Every person is complaining.
I am trying to keep myself restrained from standing up and asking people to all speak one at a time. (It's how I am -- the High D (get it done) kind of person.) The cacophony of voices in here is getting quite irritating. Actually, I think the part that is growing tiresome is the fact that almost no one is happy. They are all working (and I use the term “working” loosely.) They are checking their email, two are on Facebook, one is texting her kids. And complaining.
Five women at one desk and every mouth is moving, but no one is talking directly to anyone else. No one is on the phone. There are no customers at the desk. They’re just being crabby.
It’s Friday. You would think that alone would be enough to have people in a good mood. Seven more hours until the weekend. Since this is an office, I’m sure they all get to stay home for two full days. Ah… but that’s something else to complain about. Kids. Laundry. The to do list that never ends.
You would think that at least one of these dozen people would be saying something worthwhile. Something uplifting. Something that is positive. But, no.
Whatever is good… or right… or of value. Talk about these things. (Philippians 4:8)

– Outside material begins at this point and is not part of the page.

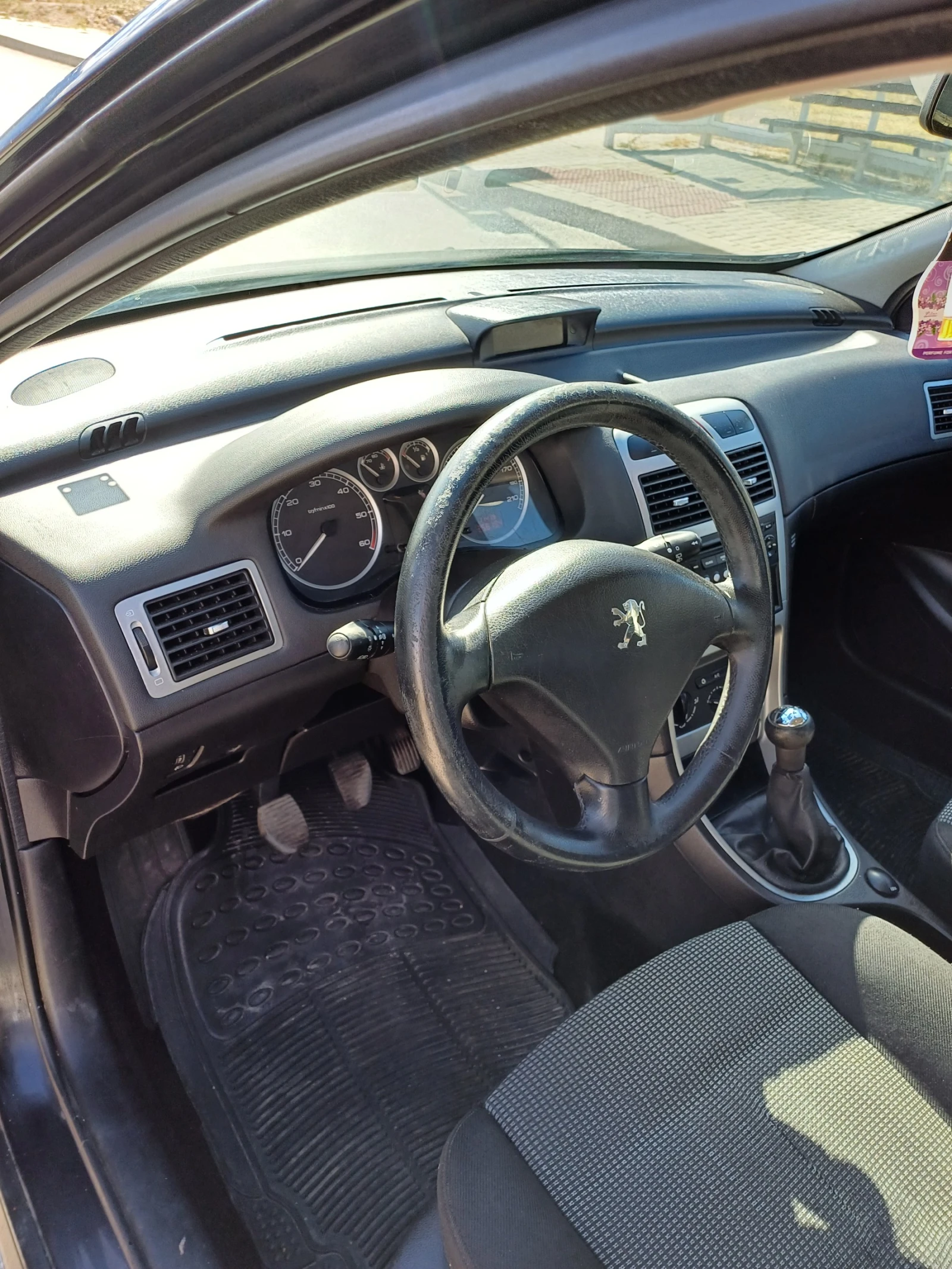Peugeot 307 1, 6 HDI, снимка 10 - Автомобили и джипове - 56246383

Crabbiness is easier, especially when we’re in groups. One starts talking about the bad week and pretty soon there’s some one-ups-man-ship going on. You think your week was bad? Well, listen to this… Before you know it the conversation had taken a decided turn. To listen to the conversation you wonder why anyone bothers to get up in the morning.
Now, I have to be honest here. I don’t hop out of bed with a smile on my face. I don’t actually “hop.” It’s more like slide. With my eyes closed. However, it doesn’t take too long before I am able to be happy and get on with my day. The sooner I get coffee, the sooner I get happy.

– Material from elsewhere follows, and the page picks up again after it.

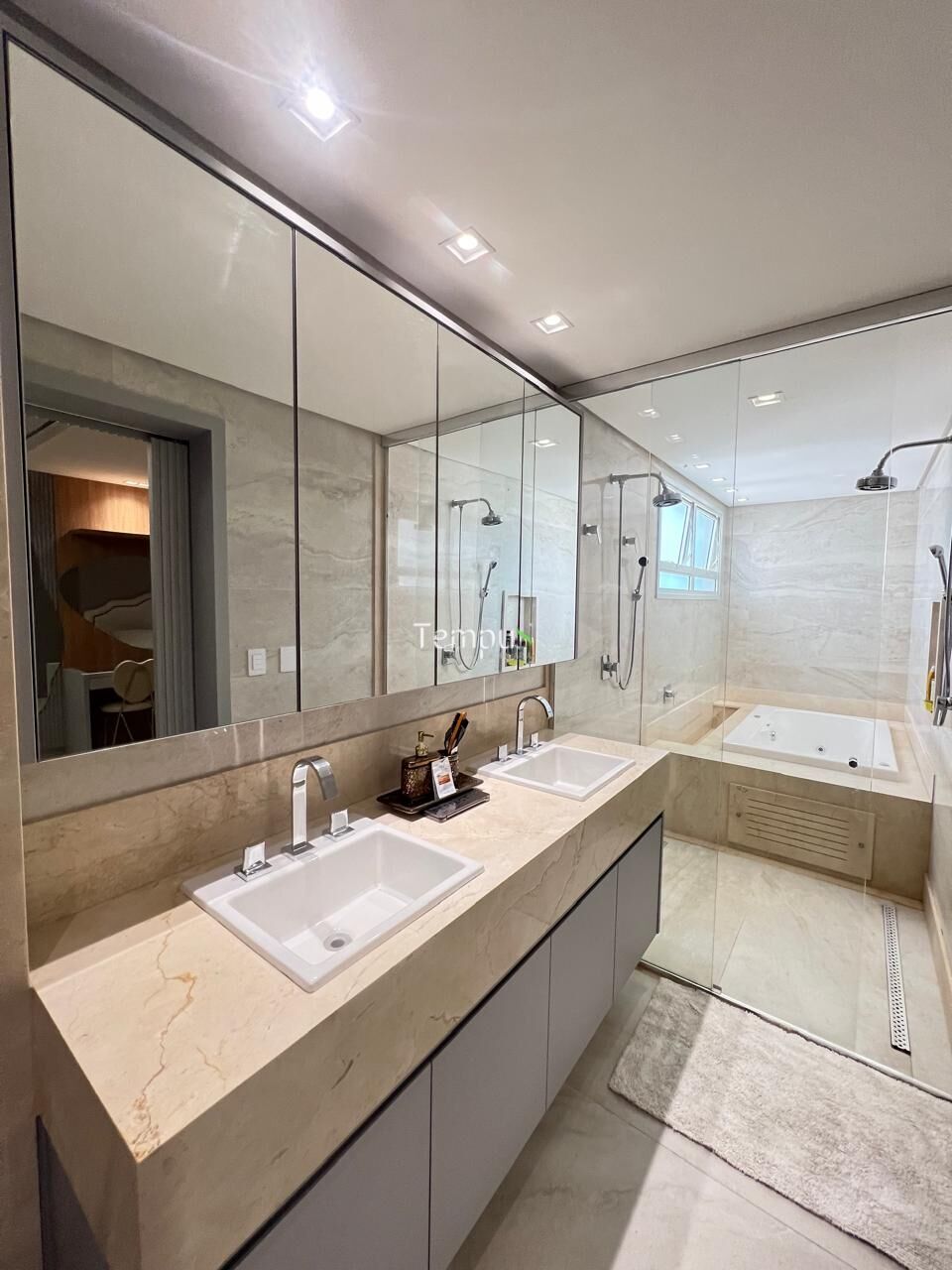 Apartamento à venda com 4 quartos, 256m² - Foto 32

I try to not talk about negative things too much during my day. It’s why I don’t watch the news too often. Or talk politics. With anyone.
But sitting in this room makes me mindful of something. I need to watch the words that come from my mouth. Are they words that build up and edify? Or are they words that tear down and bring everyone around me down, too? Obviously, people are listening, whether we know it or not.
I need to leave this place before I get crabby too.